Der weitere Schritt ist Sache der Engländer: Sie entwickelten ein spezielles Computerprogramm, das den Avatar (virtuelle Kunstfigur) animiert. Das klappt auf dem Bildschirm zwar schon ganz gut, aber bis „Virtual Guido“ die Gehörlosen sicher durch den Dschungel des Internet leiten kann, ist es noch ein weiter Weg: „Das Problem ist, dass der Avatar den Text zurzeit praktisch ohne Punkt und Komma runterleiert“, sagt Projektleiterin Schmaling. „Aber wir arbeiten am Einbau entsprechender Textgliederungssignale.“ Auch die Mimik des virtuellen Dolmetschers müsse dringend noch verfeinert werden. Denn Mimik und Mundbewegungen sind wesentliche Bestandteile der Gebärdensprache.

Im Vorgängerprojekt „Visicom“, das die weibliche Kunstfigur „Visia“ hervorbrachte, wurde zusätzlich auch das so genannte „motion capture“-Verfahren erprobt, erläutert Professor Schulmeister. Dabei wird ein menschlicher Gebärdensprachdolmetscher aufwendig verkabelt. Spezielle „Datenhandschuhe“ übertragen die Hand- und Fingerbewegungen während des Dolmetschens direkt an einen Computer. Zudem werden Mundbewegungen und Mimik über eine Kamera, die mit einem Gestell am Kopf befestigt ist, im Computer digitalisiert. Die verarbeiteten Informationen animieren dann den Avatar. Dieses Verfahren, an dessen Entwicklung das IDGS ebenfalls entscheidend beteiligt war, wird zum Beispiel in England für die Untertitelung von Fernsehsendungen verwendet.
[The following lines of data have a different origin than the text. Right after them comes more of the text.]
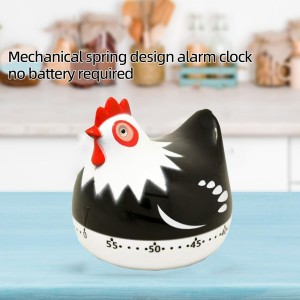 Cute Chicken-Shaped Kitchen Timer – 60-Minute Mechanical Timer for Cooking, Baking, and Meal Prep (Black)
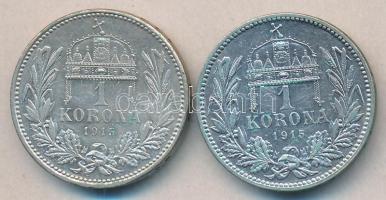 1915KB 1K Ag (2x) egyik fordított peremirattal T:2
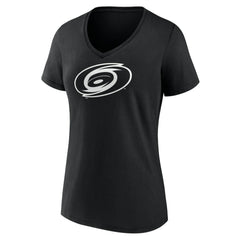Carolina Hurricanes Women's Personalized Name & Number Monochrome V-Neck T-Shirt - Black T-shirts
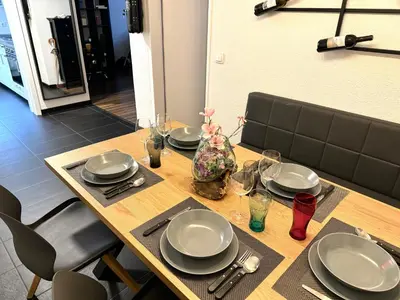 Ein Sitzbereich in der Unterkunft Unterkunft in Altstadt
„Das motion capture-Verfahren erspart zwar die manuelle Codierung, ist aber sehr aufwendig und empfindlich, weil die erforderliche Hardware regelmäßig nachkalibriert werden muss. Sonst kann der Avatar nicht fehlerfrei dolmetschen“, erklärt Schulmeister. Das aktuelle „eSIGN“-Projekt arbeitet daher ausschließlich mit dem Verfahren der Übersetzung in die Gebärdenschriftsprache „HamNoSys“, nicht zuletzt auch deswegen, weil die Inhalte von Internetseiten häufig aktualisiert werden müssen.

„Unser Projekt soll zeigen, dass Inhalte im Internet in Gebärdensprache kostengünstig zu produzieren sind“, sagt Projektkoordinatorin Constanze Schmaling. Darüber hinaus sollen die im Rahmen des Projektes „eSIGN“ entwickelten Werkzeuge Gehörlosen die Möglichkeit geben, eigene Texte in Gebärdensprache zu formulieren und ins Internet zu stellen. Im Herbst soll „Virtual Guido“ seine Arbeit im Netz beginnen. Dann bricht auch für Gehörlose das Informationszeitalter an.